AXA ($109.6 billion)
In an ironic twist, French insurance provider AXA suffered a ransomware attack shortly after announcing that it would no longer provide ransomware coverage for its policyholders.
Kia Motors ($50 billion)
Reports emerged in February 2021 that Kia Motors America had suffered service outages due to a ransomware attack from the DoppelPaymer group. However, both Kia as well as its parent company Hyundai have denied that any such attacks occurred.
Ransomware attacks happen all over the world, but organizations in the US are targeted more often than those headquartered anywhere else. Many of the top ransomware groups are alleged to be based out of Russia and other Eastern European countries, and they tend to avoid targeting victims in their region. This is due to the belief that the Russian government typically declines to pursue cybercriminals who only attack foreign targets.
That might be why many strains of ransomware developed in Russia or Eastern Europe include built-in failsafes that disable the malware if it detects that it’s running on a machine in Russia or another member of the Commonwealth of Independent States.

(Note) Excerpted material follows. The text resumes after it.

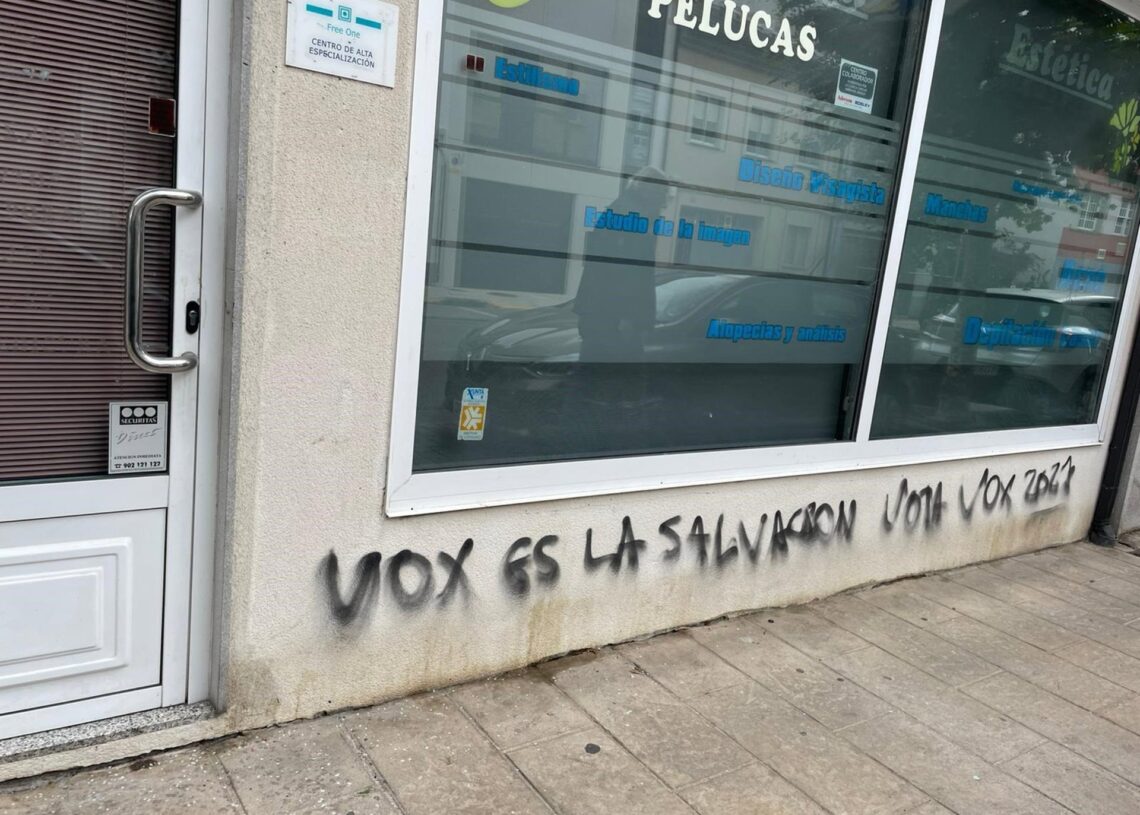 Pintada en el edificio de la sede provincial del PSOE de LugoPSOE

Large-scale ransomware attacks can result in near-total organizational shutdowns, and it can easily feel as though paying the ransom is the best way to get things back to normal. However, our advice is clear: never pay the ransom. Here’s why:
You can’t be sure that it’ll work.
Though cybercriminals may promise to return your data, there’s no guarantee that they’ll actually follow through. It’s impossible to know what will happen until you pay — and you might find that your data is still locked. It might not even be possible to decrypt your data either way. Some variants of the Petya ransomware family are irreversible.
You’re encouraging future attacks.
When victims pay ransoms, it “proves” to the attacker that ransomware works. Ransomware developers and hacking groups can use their gains to fund the development of better software and more destructive methods of attack.
Some ransomware attacks can be a literal matter of life and death. Ransomware attackers leverage this urgency when they target hospitals, public utilities, and similar institutions. It may not always be possible to withstand an attack and wait for the ransomware to be decrypted.
For that reason, while the FBI urges victims not to pay, it also sympathizes with those who have. Many companies are reluctant to disclose cyberattacks, but doing so can help authorities in their fight against ransomware and other cybercrimes.
Ransomware needs an entry point to attack a network. Whether that’s a security weakness in outdated software, a weak password, a stolen login credential, or even a gullible employee, cybercriminals will find a way to exploit the vulnerability and get their ransomware inside. Increasingly, attackers have even recruited employees to gain inside access to a targeted organization’s internal systems.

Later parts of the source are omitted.